Sin embargo, en 2001, Kubrick excede con creces esta primera capa de sentido y despliega a lo largo del filme un argumento tan ambicioso como inabarcable: la larga evolución de la inteligencia humana. El viaje por las etapas de la humanidad repasa, subrepticiamente, tópicos de la filosofía universal, como la inteligencia, la conciencia, la muerte, la soledad, la evolución, la inmortalidad y la misma condición humana. Representa, así, en 141 minutos, un viaje hipnótico a lo largo de la historia del hombre, una parábola de la existencia, una búsqueda de respuestas a cuestiones universales que nos acechan como seres conscientes.

El filme está divido en tres grandes períodos. En una primera etapa arcaica, dominada por el silencio y los gritos guturales, un grupo de homínidos prehistóricos encuentra en el amanecer de su existencia un monolito oscuro de varios metros de altura. Este bloque será una puerta a otra dimensión, un influjo electromagnético nacido en los confines del universo, que dará lugar al primer rasgo de la humanidad: el descubrimiento de la herramienta. Este salto en la conciencia representa un triunfo ante la naturaleza, el inicio de la era del homo sapiens como especie dominante: un simio antropomorfo que ha logrado comprender que puede usar para su provecho los recursos que le rodean. El amanecer del hombre terminará con la mayor elipsis de la historia del cine, un salto de 4 millones de años que comunica al hueso elevado por el aire, primera herramienta y arma de combate, con el satélite orbitando la esfera terrestre en el futuro año de 1999, símbolo del triunfo del ser humano en su carrera por la conquista de lo natural. Previamente, cabe decirlo, Kubrick nos ha hecho presenciar el primer asesinato en la historia del hombre.

La instancia que transcurre en el año 2001 será la apoteosis de la inteligencia: la conquista del espacio, la perfección técnica de la nave Júpiter y la presencia ubicua del ojo electrónico más aclamado de la cinematografía: HAL 9000, entidad mecánica dotada de inteligencia artificial, máxima expresión de la capacidad creativa del hombre. La maestría del autor no tardará en presentarnos un escollo en el funcionamiento perfecto de HAL, que, encerrado en la contradicción que le representa mentir, deberá tomar la decisión moral de asesinar uno a uno a los tripulantes de la nave, potenciales amenazas a la misión que le ha sido asignada.
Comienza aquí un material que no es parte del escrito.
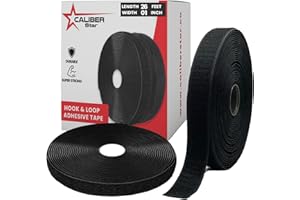 Black Heavy Duty Adhesive Hook and Loop Tape Roll - Industrial Strength, Easy to Cut, Strong Strips with Sticky Back (1 inch 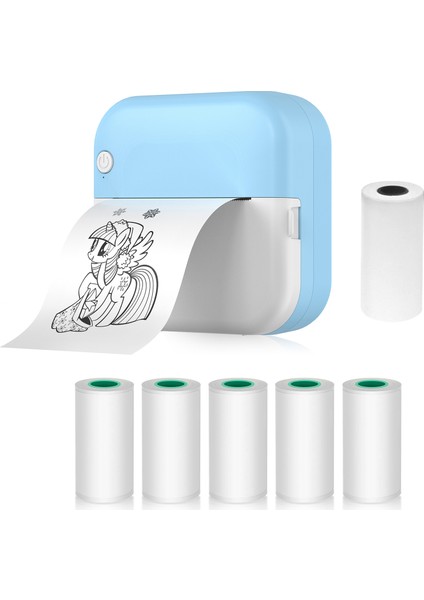 Mini Termal Bluetooth Yazıcı - Ios Uyumlu, Mürekkepsiz (1+5 Kağıt Rulo) (Yurt Dışından)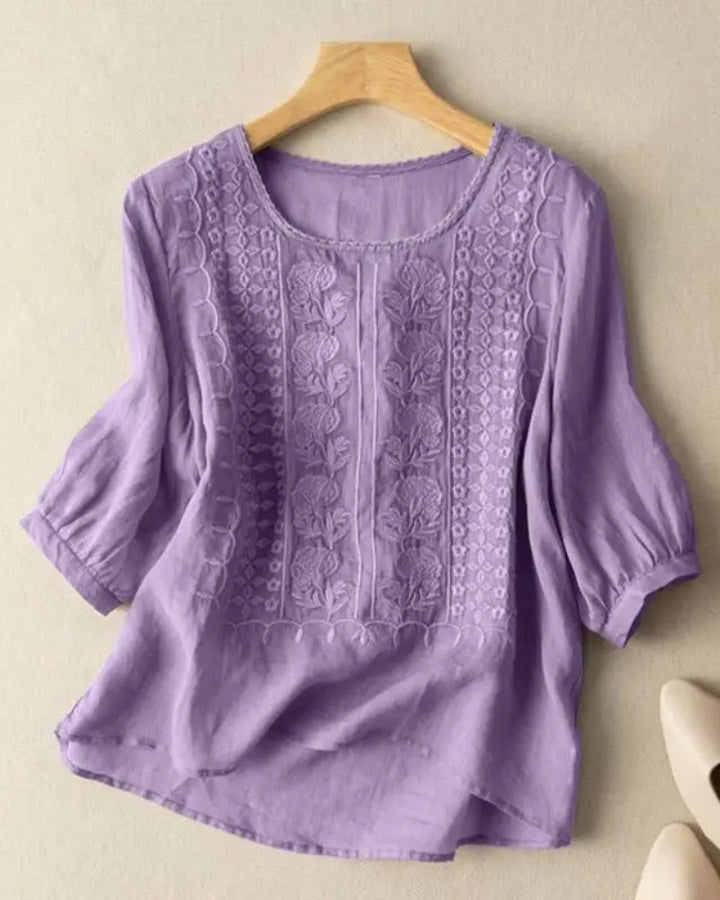 ELENITA - EMBROIDERED COTTON BOHO BLOUSE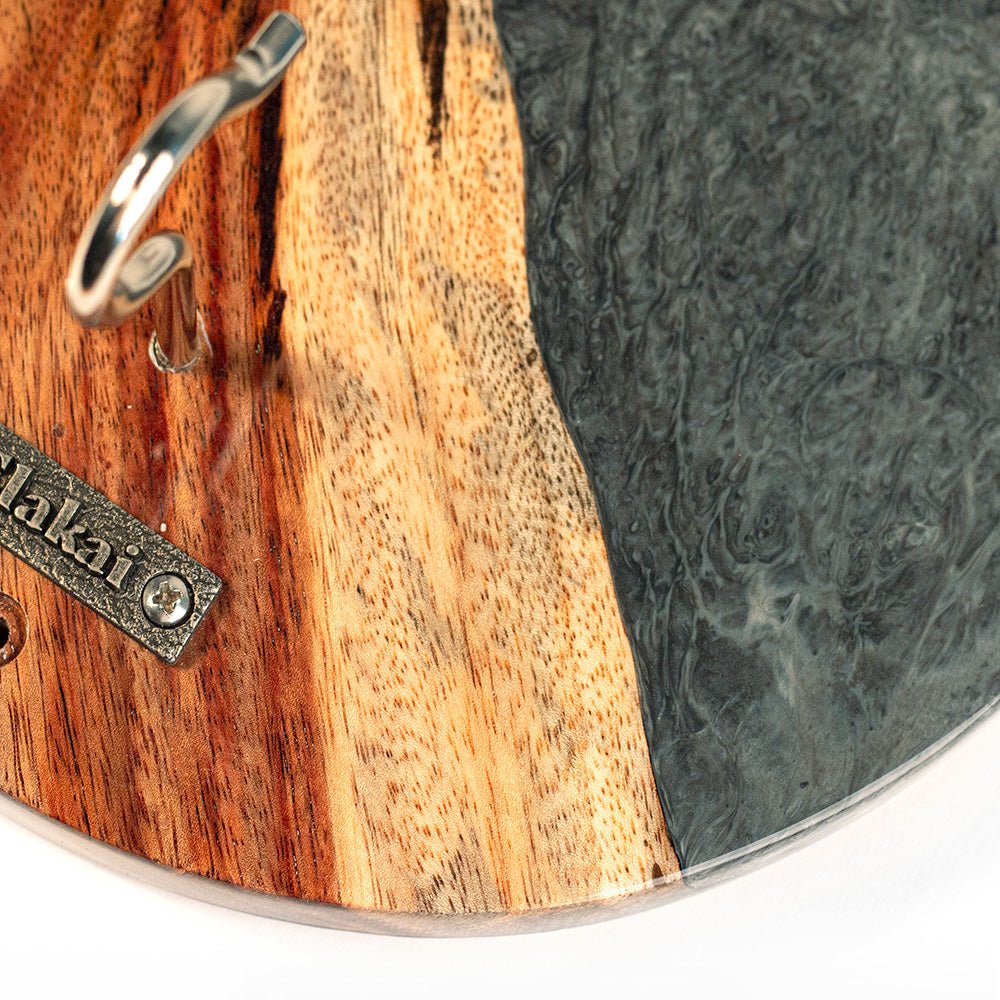 One of a Kind Gray Stone Epoxy Resin Live - Edge Wood Hook and Ring Toss Game - EGHRCRLE-10 | Elakai Outdoor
Así, Kubrick, no inocentemente, decidirá mostrar un HAL carnal y humanizado, cuya muerte (la desmantelación de sus circuitos integrados) quedará presentada como más humana que la de los propios humanos. Este suceso pondrá en evidencia para Bowman, único tripulante que ha logrado sobrevivir, el verdadero objetivo de la misión: investigar el origen de la señal emitida por el monolito TMA-1 en un punto cercano a las lunas de Júpiter.

La tercera y última parte (Júpiter y más allá del infinito) será un viaje alucinógeno por el interior de un agujero de gusanos, un paisaje de luces y colores retratados a enorme velocidad. El contacto de Bowman con el monolito extraterrestre ha significado para él un nuevo salto de inteligencia, la elevación mística de un espíritu que ha trascendido su cuerpo carnal, un cuerpo que ha quedado desahuciado en la cama mortuoria de una habitación aséptica, blanca y plagada de espejos. La escena final no dejará dudas de que el nuevo hombre, el Übermensch desprendido de las entrañas de su obsoleta naturaleza, ha nacido y flota ahora reluciente, resguardado por una bolsa amniótica poshumana, por los confines de la Tierra. Así habló Zaratustra.